Court papers revealed last week that bankrolling Carroll’s legal team is LinkedIn co-founder—and Democratic megadonor—Reid Hoffman.

While Carroll initially testified behind closed doors that no one was paying her top-notch New York City lawyers, those attorneys only recently told Trump’s team the truth: it’s the Silicon Valley billionaire who’s paying the bills. A federal judge promptly allowed Trump’s lawyers to grill Carrol again on Thursday, when she apparently revealed more details about the payment arrangement.

LinkedIn Founder Is Secretly Funding E. Jean Carroll’s Lawsuit Against Trump

But on Friday, Carroll’s lawyer formally asked the judge to keep details about who’s paying for the lawsuit under wraps because “the interest in public access here is minimal.”

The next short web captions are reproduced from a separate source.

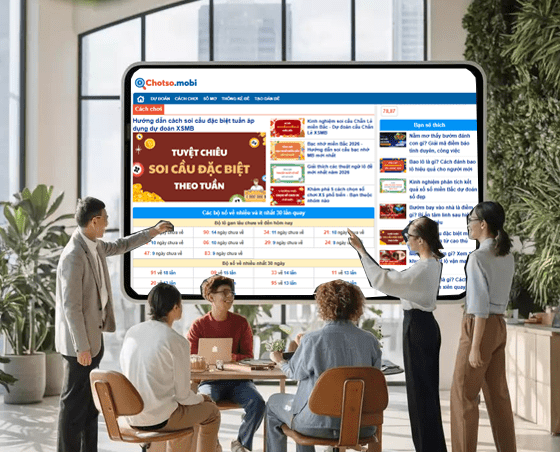 Soi cầu đặc biệt tuần có tiềm năng trúng cao hơn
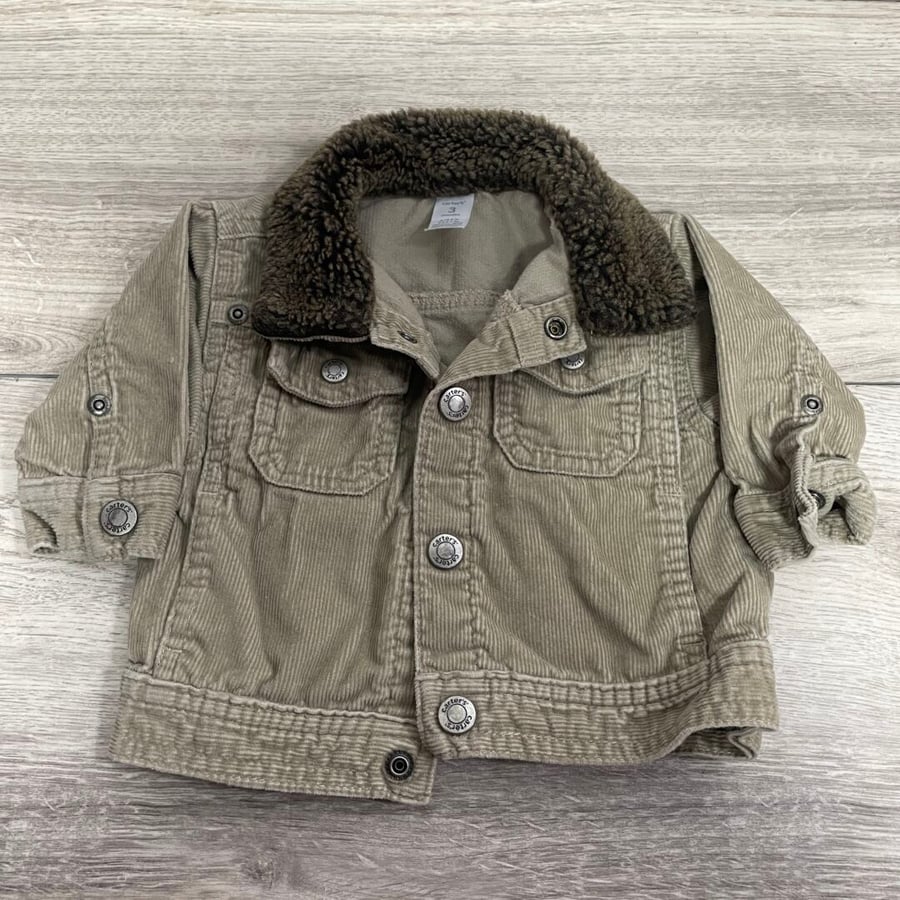 BOYS - 3 Months - Jacket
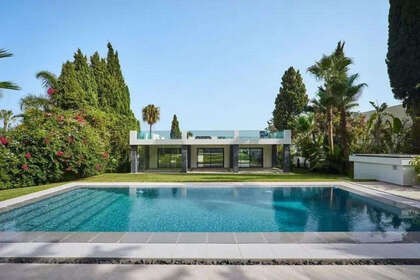 Maison de ville vendre en Nagüeles, Marbella, Málaga. 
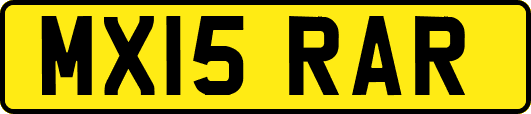MX15RAR
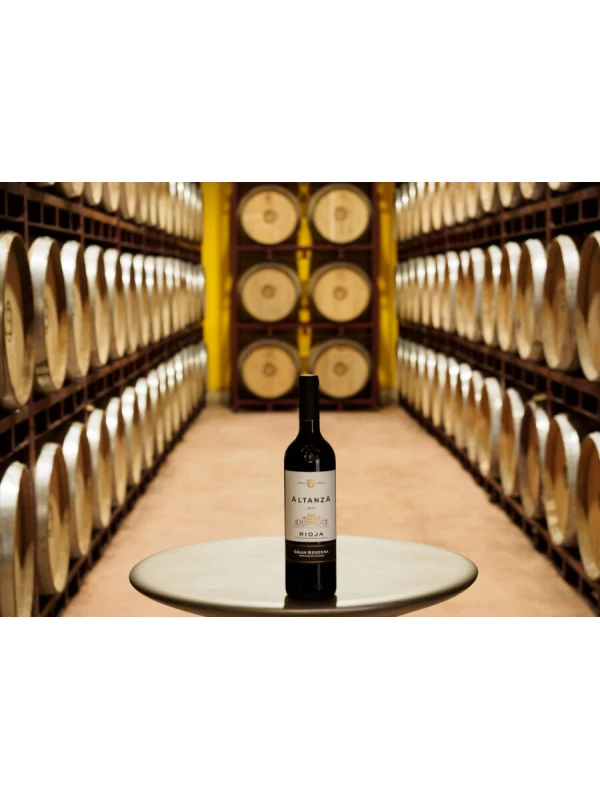Bodegas Altanza, Gran Reserva, Rioja DOC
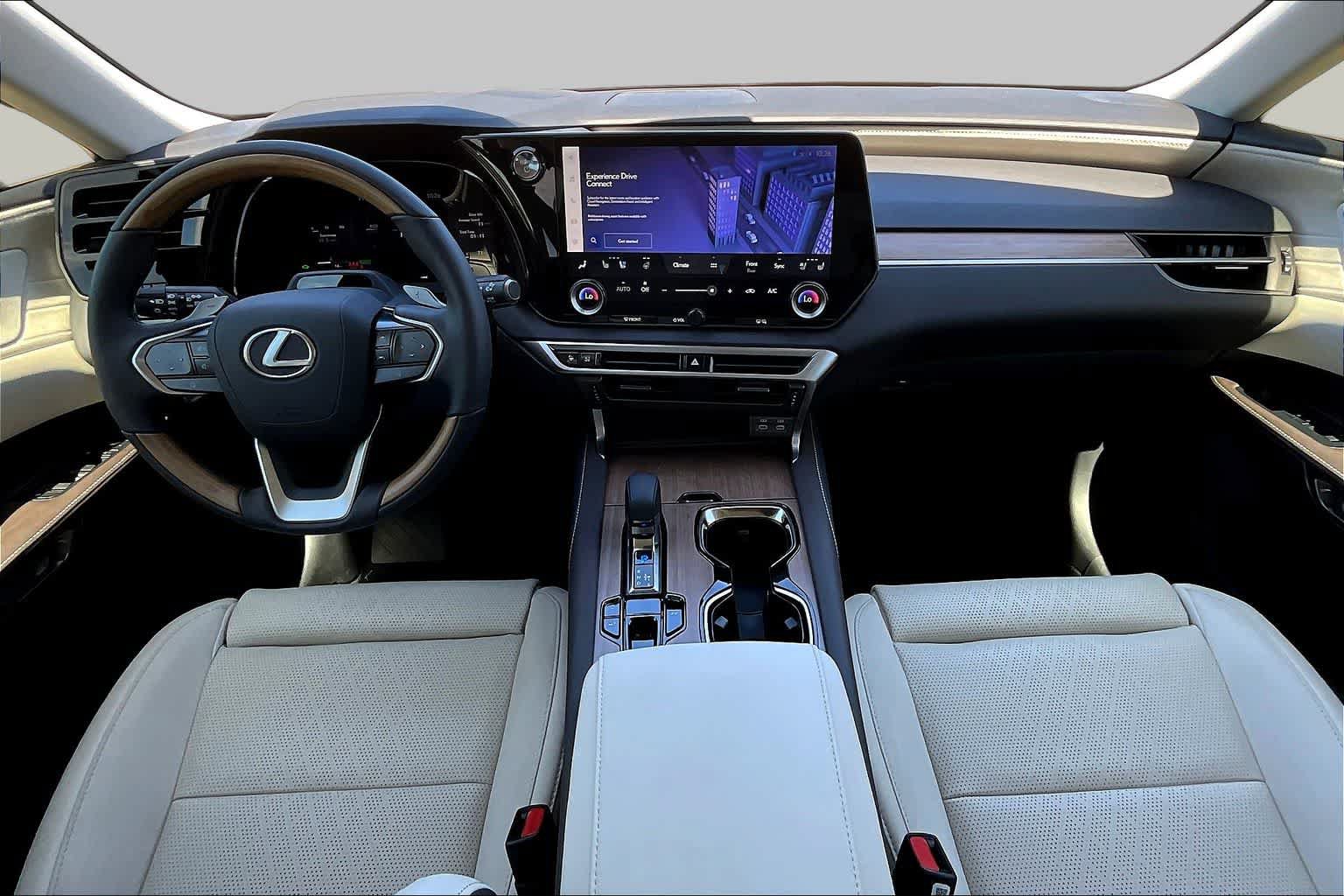 New 2026 Lexus RX 350 w/ Convenience Package AWD/4WD image 5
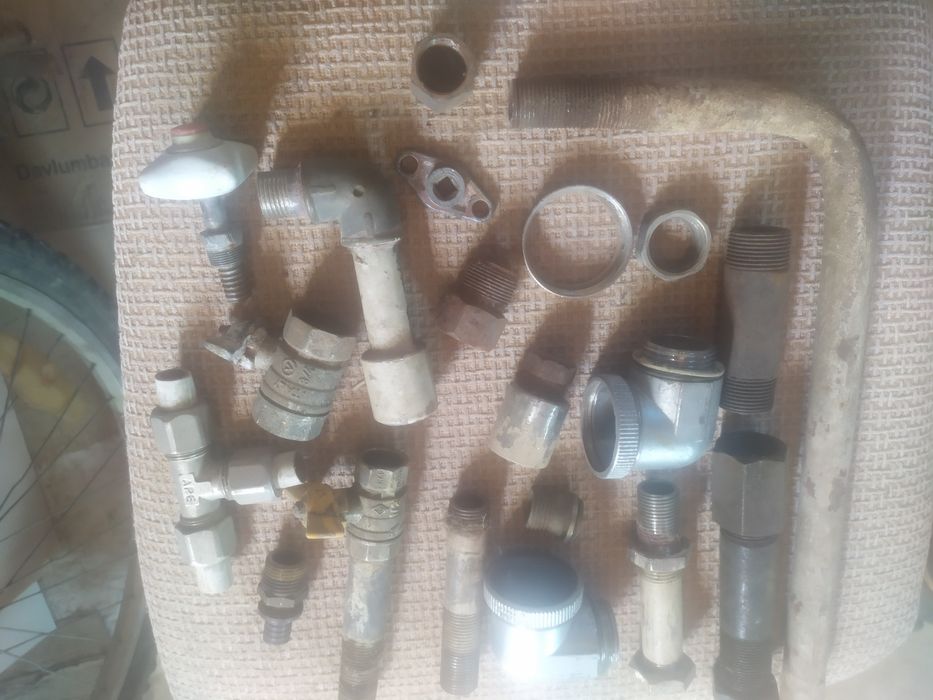 Сантехніка,все по 100 грвн.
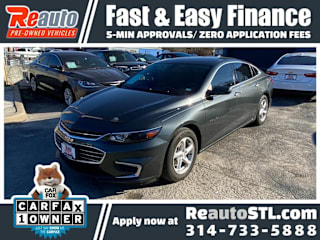 2017 Chevrolet Malibu 1G1ZB5ST6HF111739 2017 Chevrolet Malibu
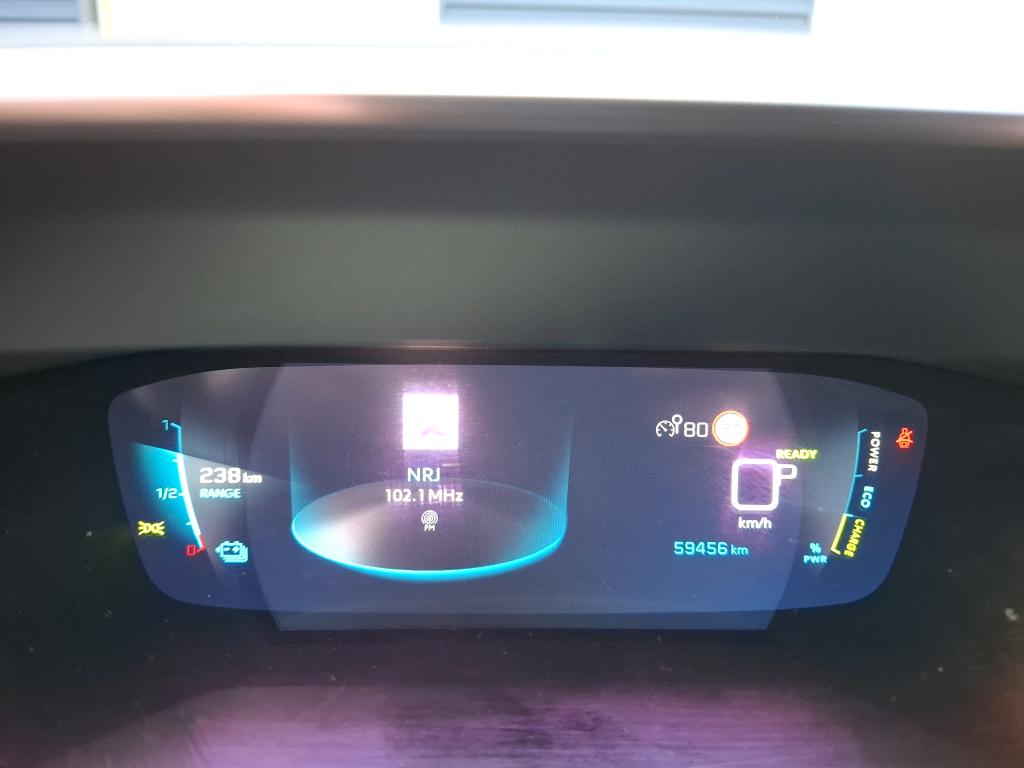 Peugeot 208 Electrique 50 kWh 136ch GT Pack 2022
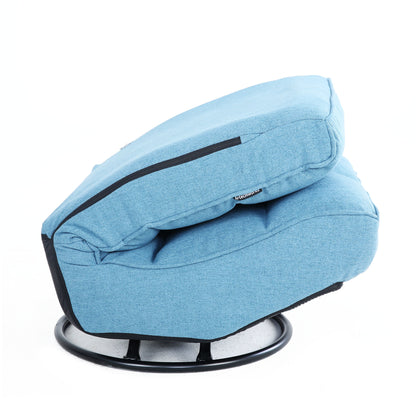 360 degree swivel lazy chair,42 position backrest adjustable folding chair,comfortable padded backrest,lazy sofa chair for teenagers and adults,video game chair can be placed in bedroom,living room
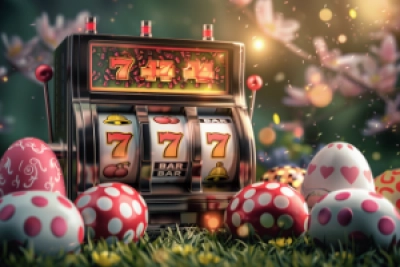 Easter slot machines feature article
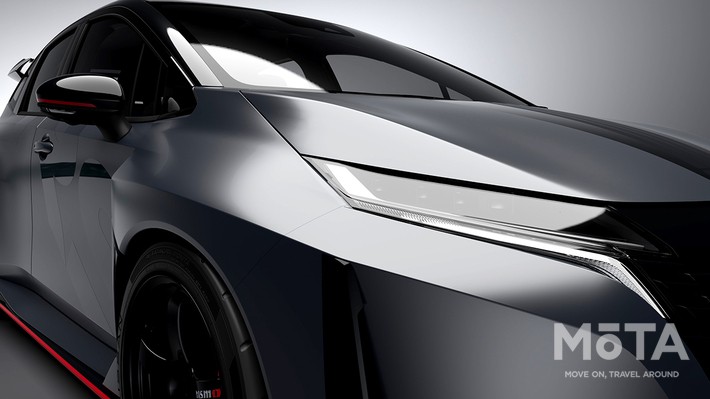 日産 ノートオーラ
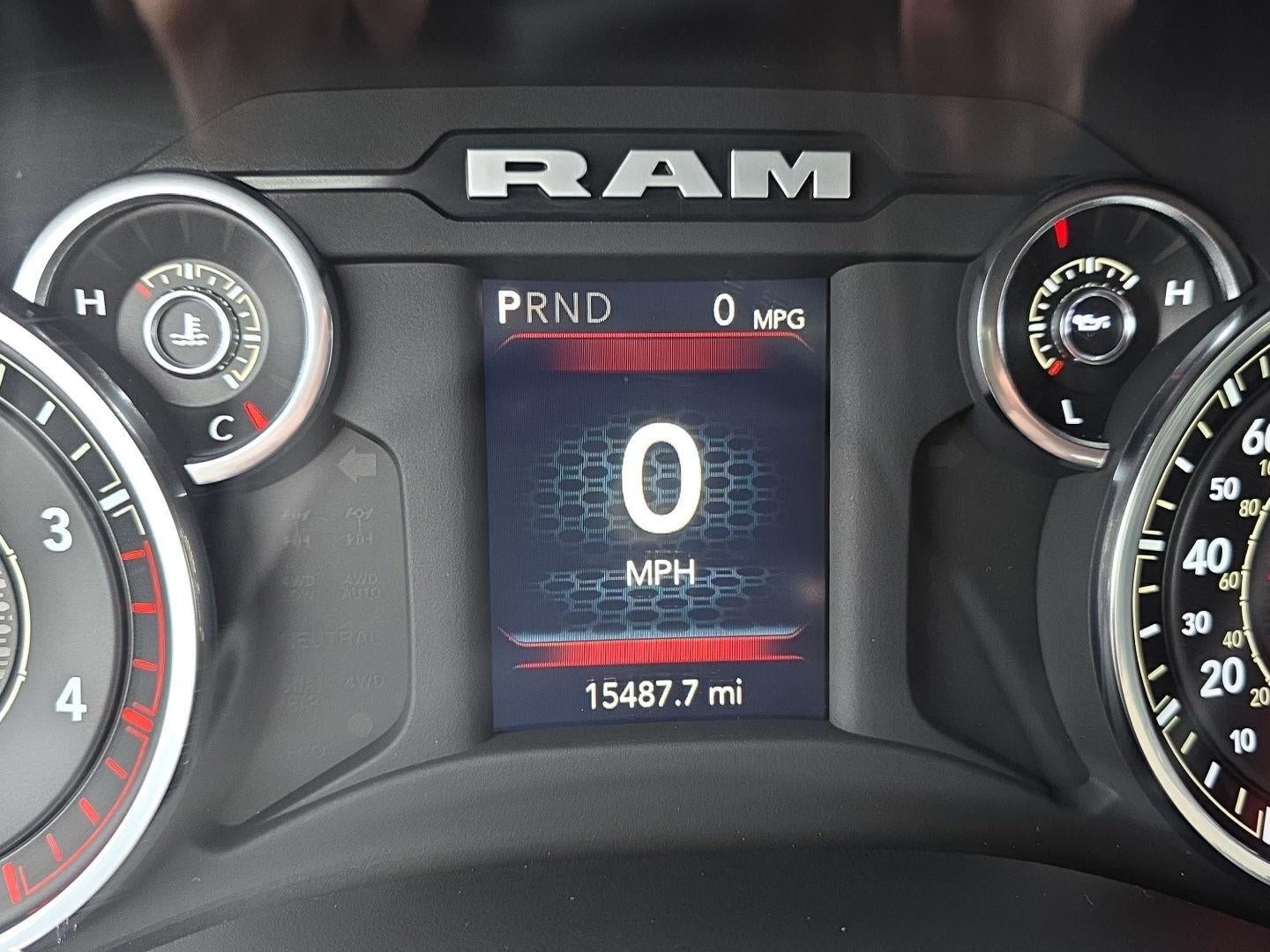 2024 RAM 2500 Big Horn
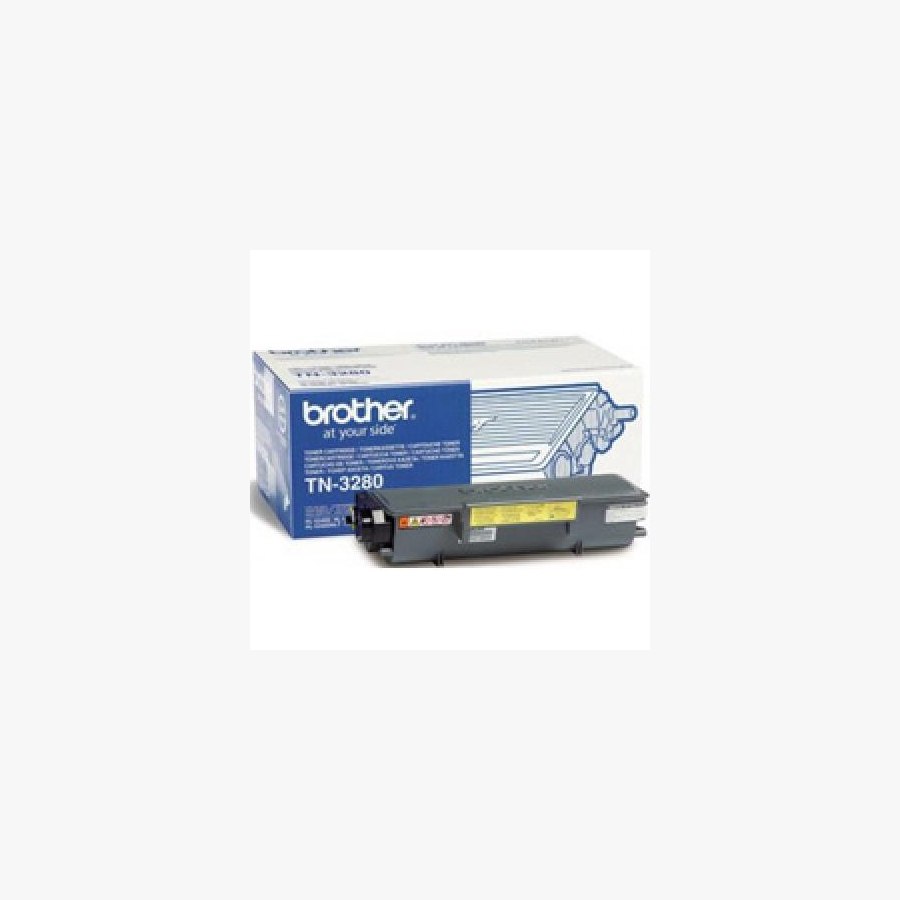 Картридж Brother TN3280 для HL-53xx,MFC-8880 (8000ст) (TN3280)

Carroll accuses Trump of raping her in the changing room of a luxury department store some 35 years ago. Her attorney, Roberta Kaplan, argued that jurors have no business knowing who’s financially supporting the lawsuit, citing court precedent that says the circumstances of who’s paying the legal bills “has nothing directly to do with the ultimate merits” of a case.

Kaplan wrote that the details that have already come out “afford the public meaningful access to information about this otherwise irrelevant and tangential topic.”

But Kaplan also expressed deep concern that exposing these details just days before the trial, which is set to start on Tuesday, could cause irreparable damage—to Carroll.

“Evidence that is inadmissible at trial should not be unnecessarily entered into the public record just before this highly watched trial is to begin,” she wrote, warning that it could cause “unfair prejudice and confusion.”

The former president’s legal defense team, Alina Habba and Joe Tacopina, were the ones who initially surfaced the issue in court papers last week, and they’re expected to oppose the effort to keep who’s paying the bills a secret.